Die 26-Jährige ist keine Kirchgängerin, sie beschreibt sich als "kirchenferne Protestantin". Doch die Pro Familia-Beraterin Eva Zattler beobachtet gerade bei wenig religiös gebundenen Frauen den Trend, einer Schwangerschaft spirituelle Bedeutung zuzumessen: "Die Bereitschaft, die Anwesenheit eines ungeplanten Kindes mit Gottes Willen oder dem Schicksal zu erklären, ist gewachsen."

Zudem scheine seit dem Zusammenbruch der New Economy selbst areligiösen Frauen eine rein materialistische Sicht suspekt geworden zu sein. So hat sich die Abtreibungsfrage auf eine private Lifestyle-Entscheidung reduziert. "Die Frauen heute nehmen als selbstverständlich hin, was die Frauengenerationen vor ihnen erkämpft haben", sagt Eva Zattler.

Für die Töchter der neuen Freiheit ist der latente gesellschaftliche Bekenntnisdruck für oder gegen einen Abbruch weggefallen. Die Last hat sich damit freilich nur verlagert. Für die Folgen der Entscheidung, seien es psychische oder materielle, kommt die Gesellschaft nicht auf. Mit dem Abflauen der einst heftig ausgefochtenen Debatte ist die Entschiedenheit der Schwangeren gewachsen.

Im Jahr 1992 wusste fast jede fünfte Frau nicht, was sie im Falle einer ungeplanten Schwangerschaft tun würde. Im Jahr 2000 hingegen gaben das nur noch sieben Prozent der Frauen an.

Die Frauenbewegung hat die Liberalisierung der Abtreibungspraxis als Sieg gefeiert. Allerdings hat sie bis heute kein Thema gefunden, das ihre Anhängerinnen in ähnlicher Weise mobilisiert und einigt. Die Entideologisierung des Themas hat die Fronten verwischt, die für eine öffentliche Auseinandersetzung notwendig sind. Damals entzündete sich der Streit an der Festlegung der Frauen auf Kinder, Küche und Kirche, heute sind sich bei den "Frauenthemen" im Prinzip alle einig.

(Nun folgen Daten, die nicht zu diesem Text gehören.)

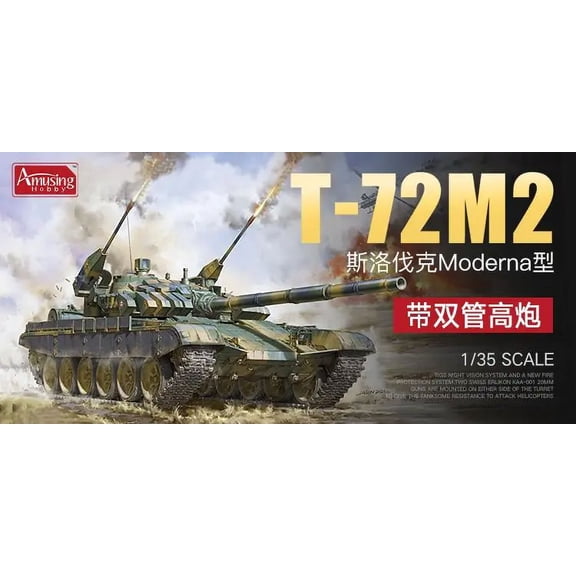 Amusing 35A039 1/35 Scale Model T-72M2 MODERNA model kit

Dass sich Kinder und Karriere besser vereinbaren lassen sollten, können mittlerweile selbst konservative Politiker im Bierzelt fordern. Inzwischen dreht sich die Diskussion darum, wie dieser Anspruch umzusetzen ist. Das ist schwierig genug, aber es bringt niemanden mehr auf die Straße.

Insofern spiegelt die Debatte über die Abtreibung - von einer politisch-ideologischen zu einer privaten Diskussion - auch das Dilemma der heutigen Frauenbewegung wider. Wer Kind und Beruf unter einen Hut bringen will, muss das - allen Politikerbeteuerungen zum Trotz - im post-ideologischen Verständnis meist allein im privaten Umfeld durchfechten.

Ob sich Kinder und Karriere zusammenbringen lassen, hängt dabei vor allem von einem Faktor ab, der für die meisten Frauen auch bei der Entscheidung über einen Abbruch eine bedeutende Rolle spielt: vom Mann.